AUTHOR=Shahhosseini Mohsen , Hu Guiping , Archontoulis Sotirios V. 

TITLE=Forecasting Corn Yield With Machine Learning Ensembles

JOURNAL=Frontiers in Plant Science

VOLUME=Volume 11 - 2020

YEAR=2020

URL=https://www.frontiersin.org/journals/plant-science/articles/10.3389/fpls.2020.01120

DOI=10.3389/fpls.2020.01120

ISSN=1664-462X

ABSTRACT=The emergence of new technologies to synthesize and analyze big data with high-performance computing, has increased our capacity to more accurately predict crop yields. Recent research has shown that Machine learning (ML) can provide reasonable predictions, faster, and with higher flexibility compared to simulation crop modeling. However, a single machine learning model can be outperformed by a “committee” of models (machine learning ensembles) that can reduce prediction bias, variance, or both and is able to better capture the underlying distribution of the data. This paper provides a machine leaning based framework to forecast corn yields in three US Corn Belt states (Illinois, Indiana, and Iowa) considering complete and partial in-season weather knowledge.
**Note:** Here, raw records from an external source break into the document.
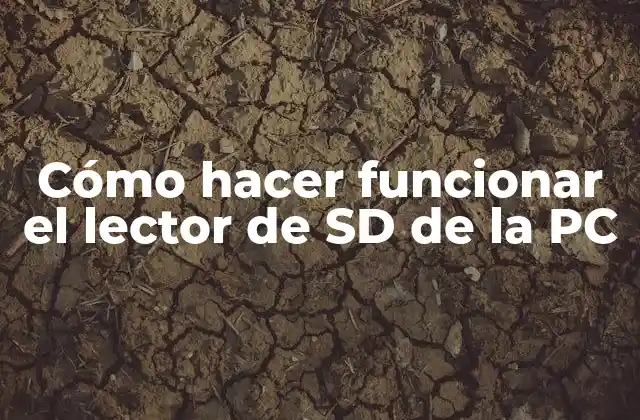 Cómo Hacer Funcionar el Lector de Sd de la Pc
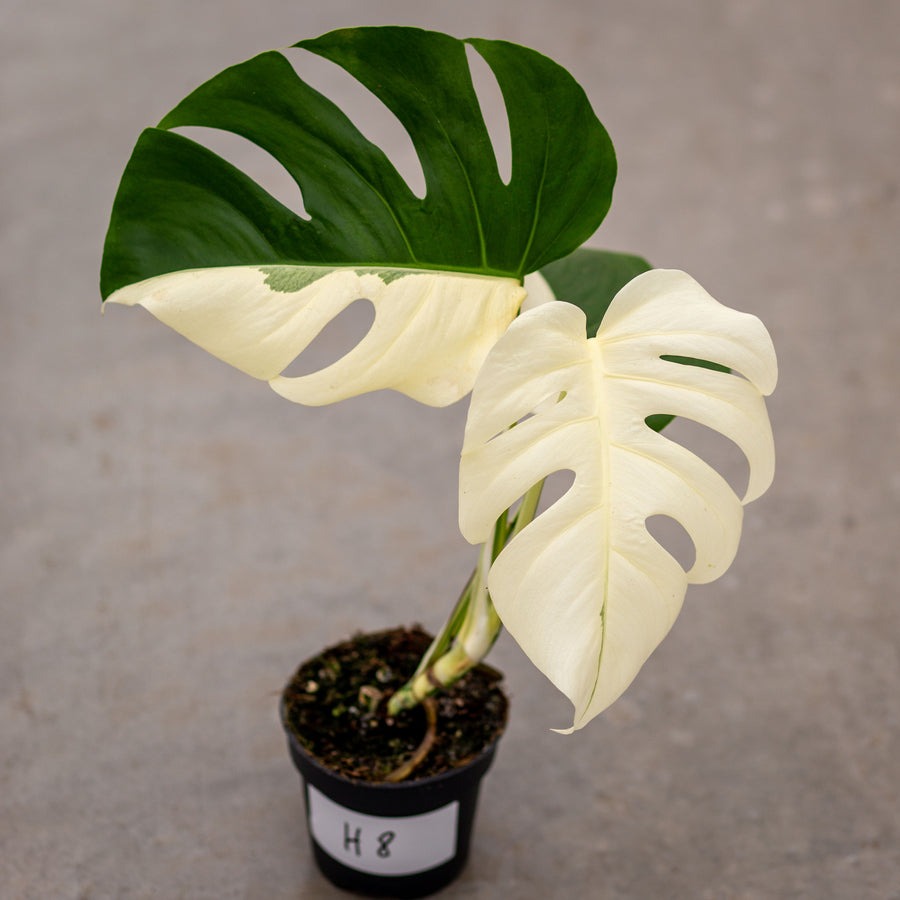 Monstera Half Moon White Albo Plant with Pot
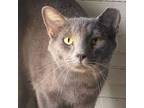 Adopt Tyrone a Russian Blue, Domestic Short Hair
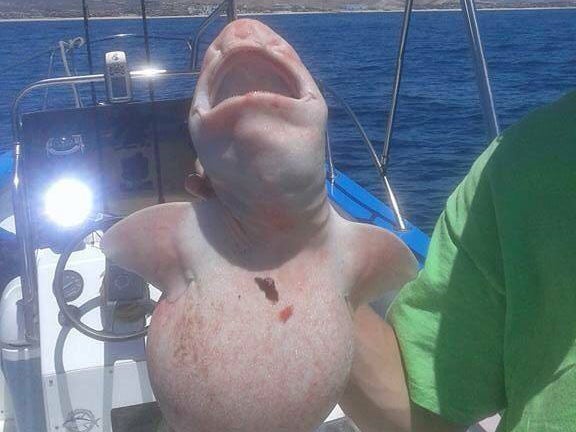 El extraño tiburón fue devuelto al océano después de ser capturado.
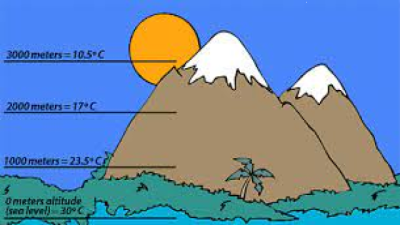 Types of Temperature Distribution (Horizontal and Vertical)
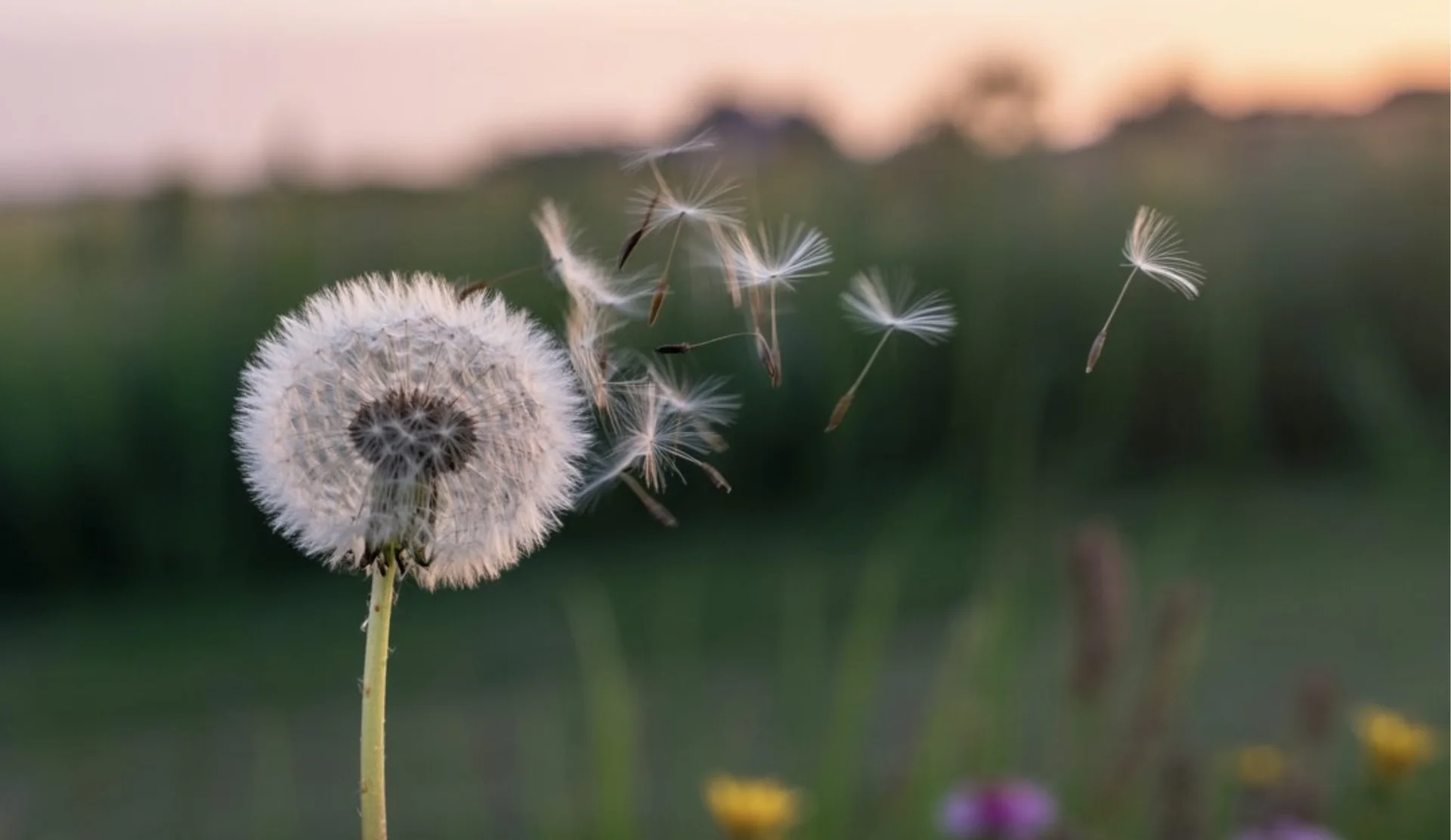 Pissenlit dont les akènes s’envolent au vent, au crépuscule au-dessus d’une prairie.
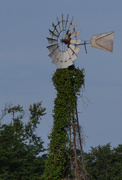 3rd Jul 2019 - The Windmill and the Ivy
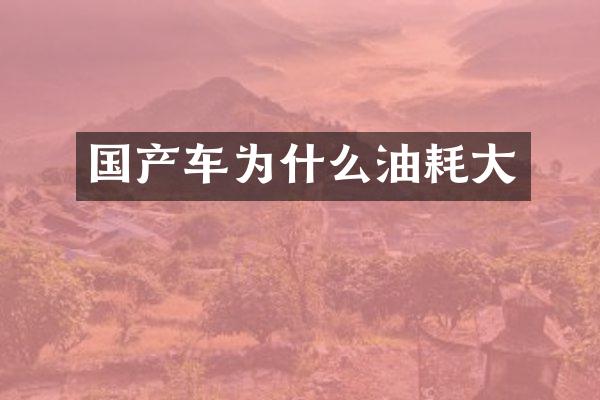国产车为什么油耗大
Several ensemble models are designed using blocked sequential procedure to generate out-of-bag predictions. The forecasts are made in county-level scale and aggregated for agricultural district, and state level scales. Results show that ensemble models based on weighted average of the base learners (average ensemble, exponentially weighted average ensemble (EWA), and optimized weighted ensemble) outperform individual models. Specifically, the proposed ensemble model could achieve best prediction accuracy (RRMSE of 7.8%) and least mean bias error (-6.06 bu/acre) compared to other developed models. Comparing our proposed model forecasts with the literature demonstrates the superiority of forecasts made by our proposed ensemble model. Results from the scenario of having partial in-season weather knowledge reveals that decent yield forecasts with RRMSE of 8.2% can be made as early as June 1st. Moreover, it was shown that the proposed model performed better than individual models and benchmark ensembles at agricultural district and state-level scales as well as county-level scale. To find the marginal effect of each input feature on the forecasts made by the proposed ensemble model, a methodology is suggested that is the basis for finding feature importance for the ensemble model. The findings suggest that weather features corresponding to weather in weeks 18-24 (May 1st to June 1st) are the most important input features.